# Weed ID?



## Tiempo (May 22, 2008)

Anyone know what this is? The tops look like a very coarse grass but it has these huge red tubers


----------



## Tiempo (May 22, 2008)




----------



## gone-a-milkin (Mar 4, 2007)

Daylilies?


----------



## Tiempo (May 22, 2008)

I don't think so, the leaves were too coarse and 'grassy' I have quite a few types of daylilies and they didn't resemble any I have at all


----------



## Tiempo (May 22, 2008)

The closest I've found googling are the nut sedges, but the only one I've found a picture of where the rhizomes are this large is a warm climate one that would not be found here in Michigan.


----------



## ol country girl (Mar 19, 2013)

Hmmm!!! Does this plant have flowers??? Could it be Yucca??? What kind of soil is it growing in??? Sandy??? Red Clay??? Woods???


----------



## Tiempo (May 22, 2008)

Not yucca, I've dug plenty of that out  It's in loam in full sun

I've never seen it before so too soon for flowers here, and now I've dug it all out. It was all around the base of my white hydrangea, but nowhere else in my flower beds or anywhere else as far as I can tell.


----------



## d'vash (Apr 25, 2013)

Acorus calamus, perhaps? Very similar leaves and root structure. They grow in Michigan, enjoy full sun and loam soil.


----------



## Tiempo (May 22, 2008)

Golden Affinity said:


> Acorus calamus, perhaps? Very similar leaves and root structure. They grow in Michigan, enjoy full sun and loam soil.

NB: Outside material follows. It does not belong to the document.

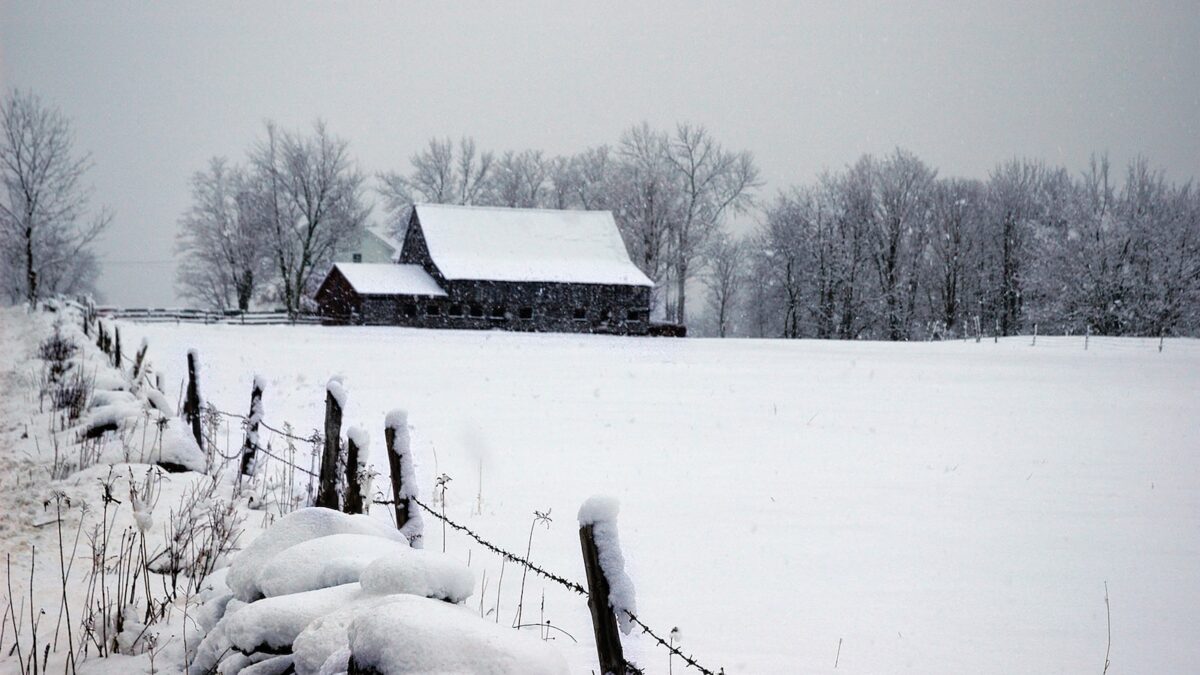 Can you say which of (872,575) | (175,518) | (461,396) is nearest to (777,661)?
(872,575)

The leaves are wrong, acorus calamus has a fan type form, not so in my mystery weed


----------



## wannabechef (Nov 20, 2012)

Does it have a "v" shaped blade...triangle?


----------



## Tiempo (May 22, 2008)

I'll have to dig them out of the weed pile and take another look 

I think so.


----------



## Fennick (Apr 16, 2013)

*Iris* pseudacorus (wild yellow flag) can have long red rhizomes on it when it's growing away from water. Your pictures of the root and the leaves looks like that.


----------